In tegenstelling tot andere minder vriendelijke Astyanax-soorten toont de blinde holenvis geen roofzuchtige neigingen. Hoewel blind, kan Astyanax jordani zijn “mannetje staan” in een normaal gezelschapsaquarium. Het zijn verdraagzame kostgangers welke alle voedselsoorten aannemen, waarbij ook kleine dunne regenwormen behoren. Ze eten behoorlijk veel, maar kunnen het daarna gedurende een lange tijd op hun reserve uithouden.

Men neemt aan dat de vissen in hun natuurlijke milieu van holenkreeftjes en vermoedelijk ook van organische afvalproducten leven. Het is een scholenvis: een miezerig koppeltje zal de liefhebber weinig laten beleven zoals uit waarnemingen van Ladiges blijkt. Hij bestudeerde het gedrag van een school die samen met andere vissen in een ruim aquarium werd gehouden. Net als de medebewoners aten ze graag watervlooien en Tubifex.

Ze vielen andere, gezonde vissen niet lastig zo lang deze tierig waren en konden uitwijken voor de snel zwemmende holenvissen. Kwamen deze echter in aanraking met een niet goed meer zwemmende, krachteloze of zieke vis, werd onmiddellijk een vreetactie opgewekt en hapten alle exemplaren van de school toe en leek hun gedrag een beetje op dat van piranha’s.
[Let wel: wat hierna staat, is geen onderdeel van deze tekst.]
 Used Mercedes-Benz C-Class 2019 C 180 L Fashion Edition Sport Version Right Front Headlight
Daarbij kreeg Ladiges helemaal niet het idee dat hij te maken had met vissen die niet konden zien, want alle bewegingen waren gericht en normaal. Hoewel ze zeer snel konden zwemmen, ontweken ze zeer handig iedere hindernis. Niettemin zal het de goede waarnemer opvallen dat ze een bijzonder zwemgedrag hebben; een min of meer ritmische golfbeweging waardoor de zwembewegingen wat anders zijn dan bij “normale” vissen. Het merkwaardig golvende karakter van de zwembewegingen wordt van grote betekenis geacht, omdat daardoor het zijlijnorgaan en het uitstekend ontwikkelde kopporiënorgaan in voldoende mate kunnen functioneren. Soms lijkt het harmonische en gelijkmatige in de af en toe enigszins rukachtige bewegingen te ontbreken.
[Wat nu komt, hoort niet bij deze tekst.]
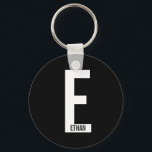 Llavero Monograma y nombre modernos en negrita personaliza<br><div class="desc">Diseño de monograma moderno con letra de monograma personalizada "E" y nombre en estilo de fuente sans serif negrita moderna.

Regalo perfecto para él,  regalo del día del padre,  regalo para los padrinos y más.</div>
Omdat Dr. C.N. Breder jr. en zijn staf aantoonden dat de blinde holenvis wel gevoelig is voor licht en de donkerste hoeken van een aquarium opzoekt, gaat de voorkeur niet uit naar het goed verlichte gezelschapsaquarium, maar naar het al genoemde grotaquarium; geen planten, enkele stenen op een zand- of slikbodem en een matige, diffuse belichting. De temperatuur kiezen we tussen de 18 en 23 graden Celsius; maar eenmaal een waarde aangenomen, deze zo constant als maar mogelijk houden. In de natuur wijzigt de hardheid van het water met de seizoenen, maar is toch aan de lage kant. Innes vermeldt dat Roy Bast in Tampa voor het eerst met de blinde holenvis kweekte en daarbij waarnam, dat het vrouwtje na de eerste paringen meestal alleen doorging met het afzetten van eieren. Innes nam daarbij aan dat de zaadstrengen in het water langer levensvatbaar zijn dan bij andere vissen.
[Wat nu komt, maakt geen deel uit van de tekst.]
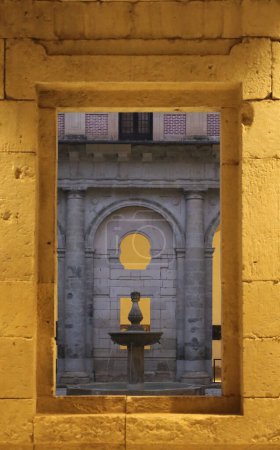 Foto de Cuenca, España- 10 de diciembre de 2023: Arcos, pilares y detalles del Claustro de la Catedral de Cuenca - Imagen libre de derechos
De vissen paren dicht tegen elkaar aangevlijd, doorgaans vlak boven de bodem. De eitjes die een geringe kleefkracht hebben, vallen op de bodem. Als er geen legrooster wordt gebruikt, moeten de ouders direct worden verwijderd daar ze anders de eieren opvreten. Na een drietal dagen komen de eitjes uit en na zes dagen zwemmen de larven vrij. Ze hebben ogen waarmee ze echter niet kunnen zien. Het opkweken verschilt niet van dit bij andere karper soorten. Sinds de eerste kweekbeschrijving is de blinde holenvis in grote aantallen nagekweekt en geëxporteerd.